Cancer Marriage

It starts with a grimace of pain, in the morning, and the father of your child pressing on his stomach at an odd lump. You don't notice it, of course-you never do. You don't love him, and you never did, but you thought you'd try to make this fling turned pregnancy-serious in a moment work. Still, he's the father of your child, and looking at the rosebud mouth and sleeping eyelids makes you a bit generous. Turning from the crib, you ask, "You alright?"

That's how it starts. You ask, and he answers. He talks about agony, constant, that he's never told you. He talks about health care in America, and why he can't afford any. He talks about a lot of things, but somehow all you can manage to think is, 'I owe him.' You owe him for the child curled in your arms, the miracle baby you never thought you could have. You owe him for some drops of semen that he never gave a second thought to until it all turned real. You owe him for things he could never understand and no one else will, but all the same, your personal sense of honor says it. You owe him.
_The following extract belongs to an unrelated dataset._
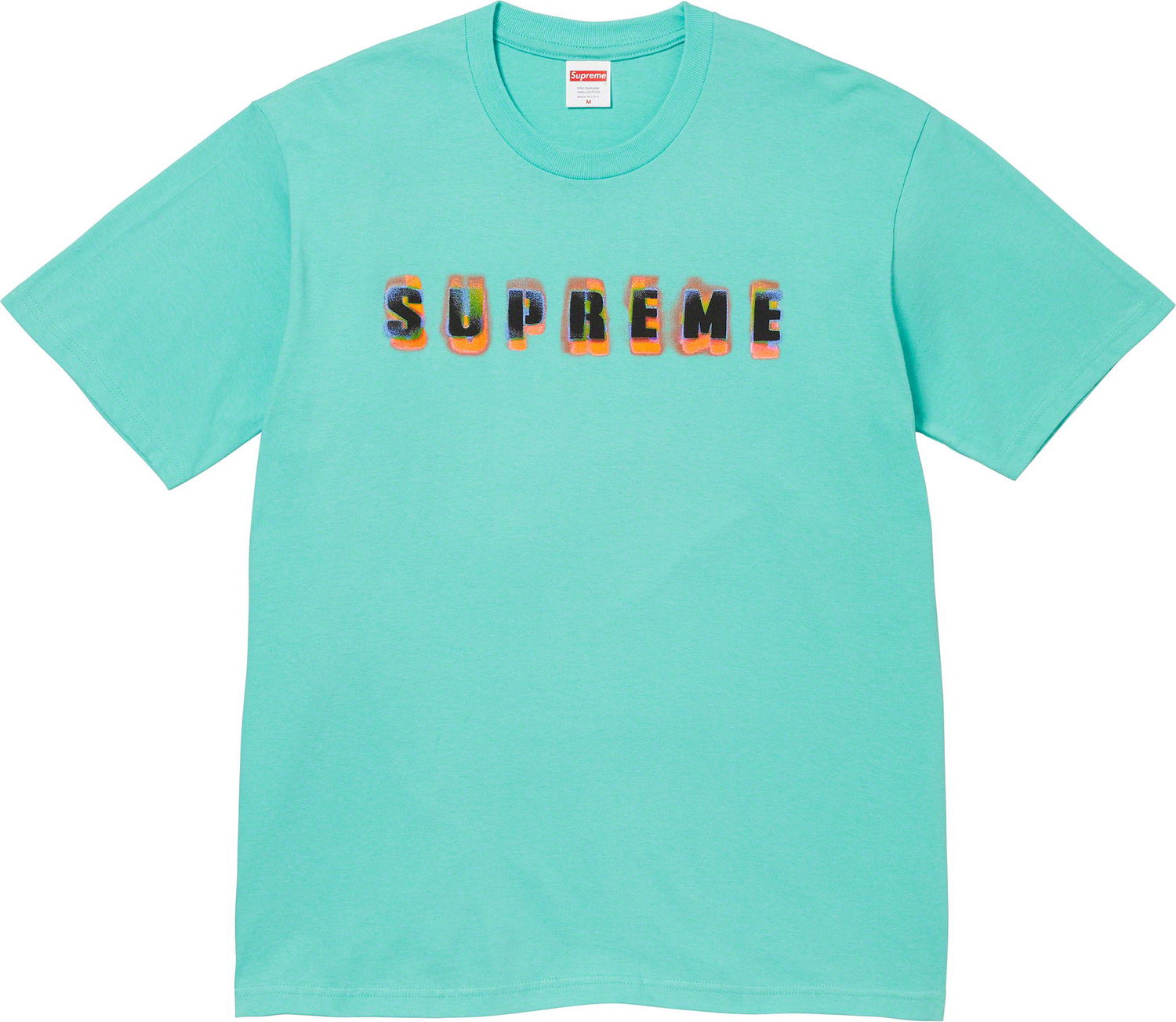 Tričko Supreme Stencil Tee Tyrkysová | FW23T32, 0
You owe him, and so you marry him when he talks about his fear of cancer. It's that simple. You have good healthcare, and he doesn't. It's a marriage that you don't believe in, but you don't care. You have your child, and you've never wanted anything else. You don't want a real husband-you're content with the small thing counting her fingers and throwing food around. You tell him, days before the papers are signed, "You know I wouldn't be doing this, if you weren't sick." He agrees. Sympathetic, caring, he agrees. You're so good. You revel in your goodness. It's good, the unwed mother of a bastard child, the bitch that's clawing out a living despite all odds, to be good. To be nice. To be kind.

It's good. Until you marry, and he goes to the doctor, after much pushing, and he turns out not to be sick. Not really, not cancer. He doesn't need the healthcare. Maybe he never did. You ask him why he married you, and he tells you that this way, you would never leave.

You do, of course. You're not the kind of woman who can stand that role. You tell him, honest, straightforward, that you plan to file for divorce. You don't want a thing, and you're willing to give him all the things you purchased. You don't want a thing, including him, and it shows.

So of course, he tries for the one thing you do want.

Your child.

This is the hell of a cancer marriage. Years later, someone, laughing at the story, will press on his arm where a lump rests. "I have cancer." he says with an impish smile. "Marry me?"

He will never understand why you cannot laugh. Can only stand there, frozen, with hammering, raging hate boiling in your heart, before you turn and walk away.